- [Data for review]

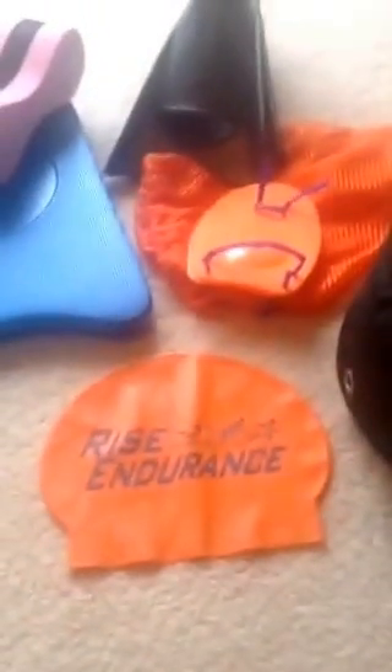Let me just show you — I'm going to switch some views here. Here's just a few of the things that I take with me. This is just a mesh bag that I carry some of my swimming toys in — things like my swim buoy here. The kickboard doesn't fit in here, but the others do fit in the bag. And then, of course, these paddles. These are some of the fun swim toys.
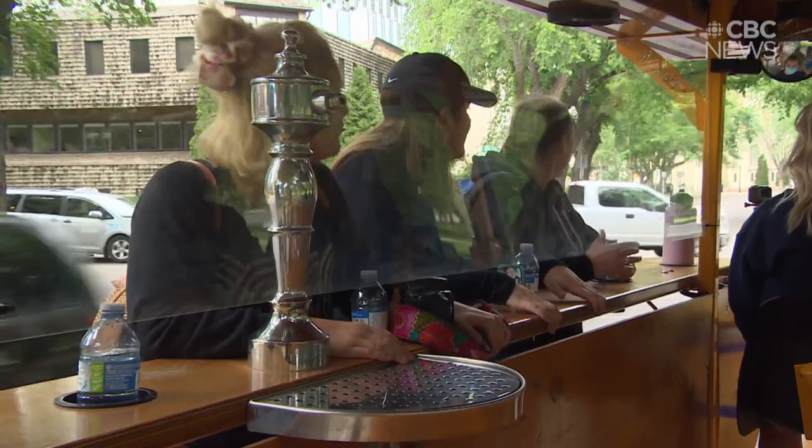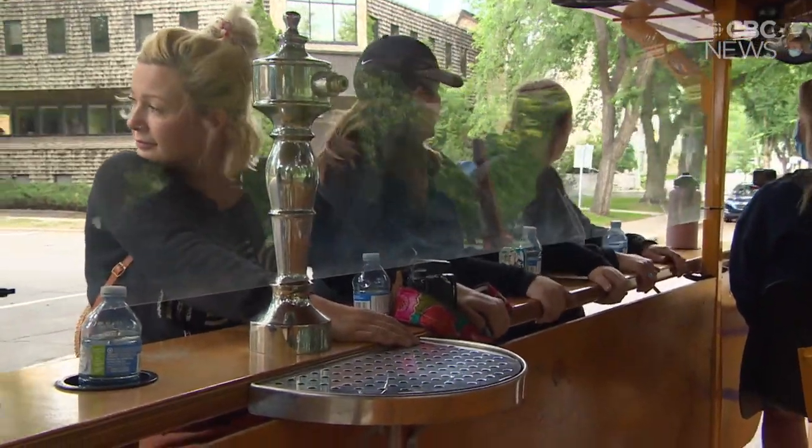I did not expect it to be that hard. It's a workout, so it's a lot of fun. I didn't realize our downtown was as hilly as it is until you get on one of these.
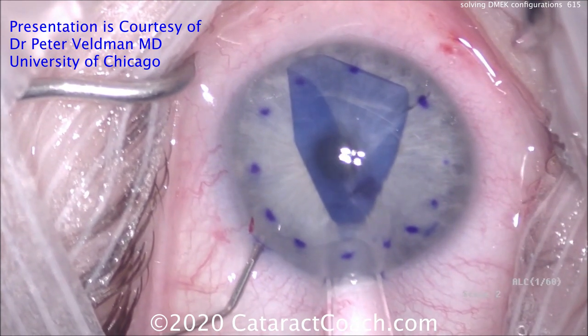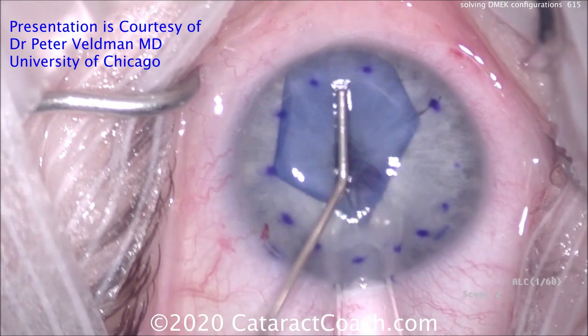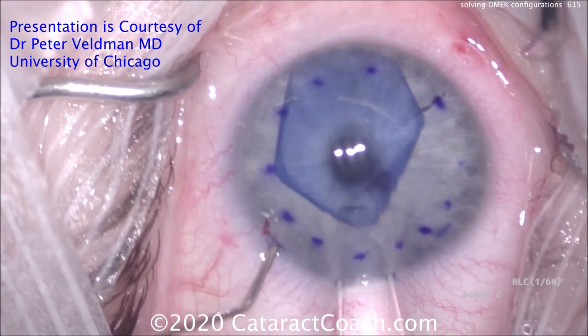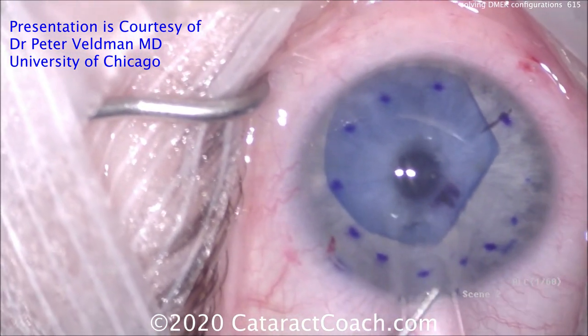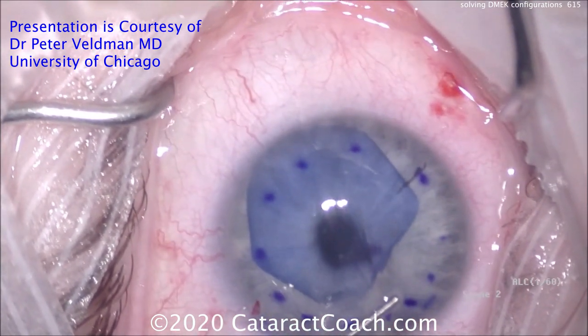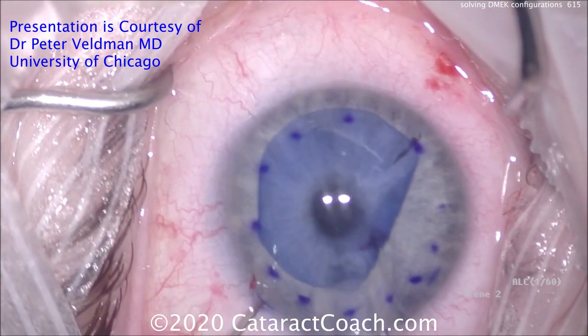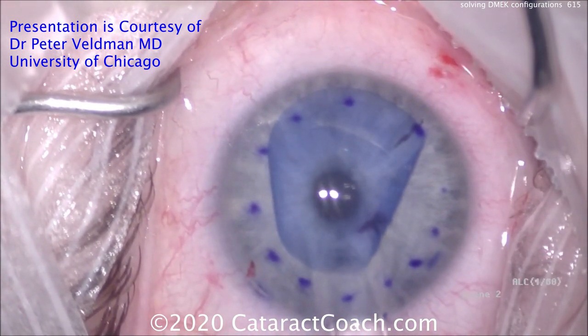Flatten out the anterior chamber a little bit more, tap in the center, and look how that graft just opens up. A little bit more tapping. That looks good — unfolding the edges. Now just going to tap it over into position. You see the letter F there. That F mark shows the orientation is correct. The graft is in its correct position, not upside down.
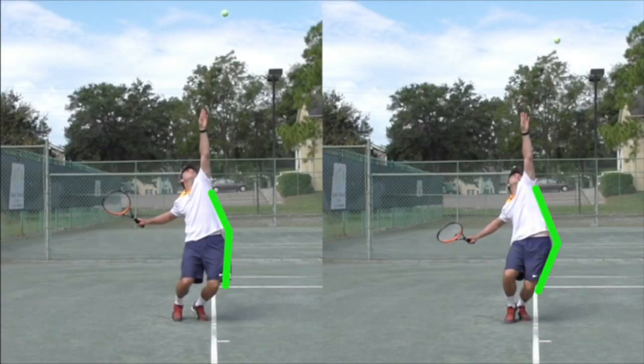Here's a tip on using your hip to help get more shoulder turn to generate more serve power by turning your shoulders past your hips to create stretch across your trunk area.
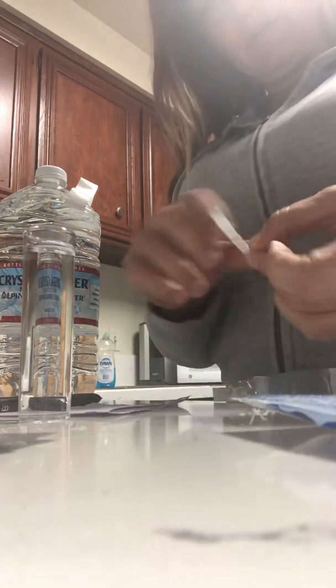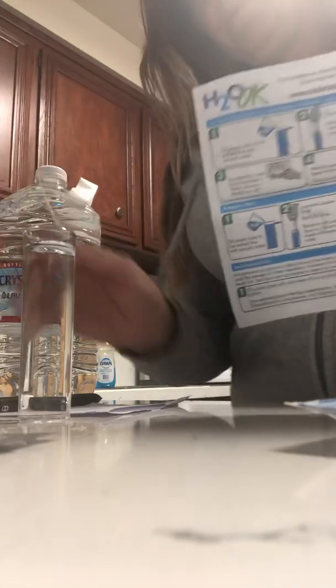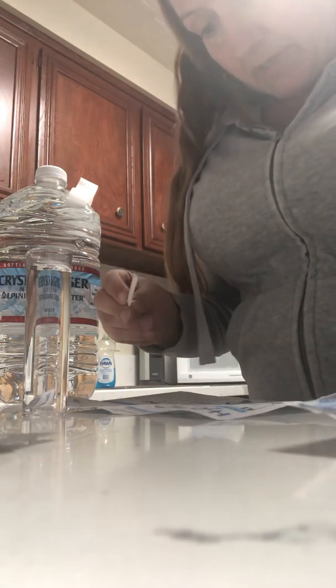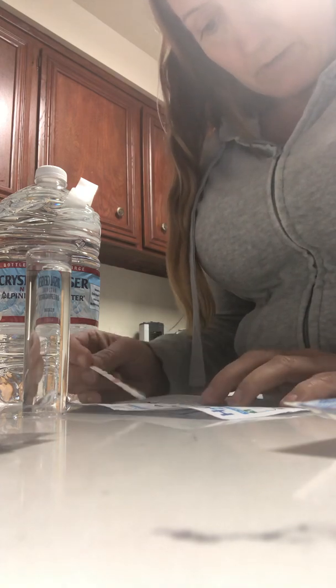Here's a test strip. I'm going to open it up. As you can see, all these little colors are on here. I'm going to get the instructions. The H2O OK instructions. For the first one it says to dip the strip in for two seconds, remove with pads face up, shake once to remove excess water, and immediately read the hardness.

- [What the task asks] Give back exactly the run of lines that opens the material above and ends at the line with "Here's a tip". Omit the pictures.

- [Exercise answer]
Let me just show you — I'm going to switch some views here. Here's just a few of the things that I take with me. This is just a mesh bag that I carry some of my swimming toys in — things like my swim buoy here. The kickboard doesn't fit in here, but the others do fit in the bag. And then, of course, these paddles. These are some of the fun swim toys.
I did not expect it to be that hard. It's a workout, so it's a lot of fun. I didn't realize our downtown was as hilly as it is until you get on one of these.
Flatten out the anterior chamber a little bit more, tap in the center, and look how that graft just opens up. A little bit more tapping. That looks good — unfolding the edges. Now just going to tap it over into position. You see the letter F there. That F mark shows the orientation is correct. The graft is in its correct position, not upside down.
Here's a tip on using your hip to help get more shoulder turn to generate more serve power by turning your shoulders past your hips to create stretch across your trunk area.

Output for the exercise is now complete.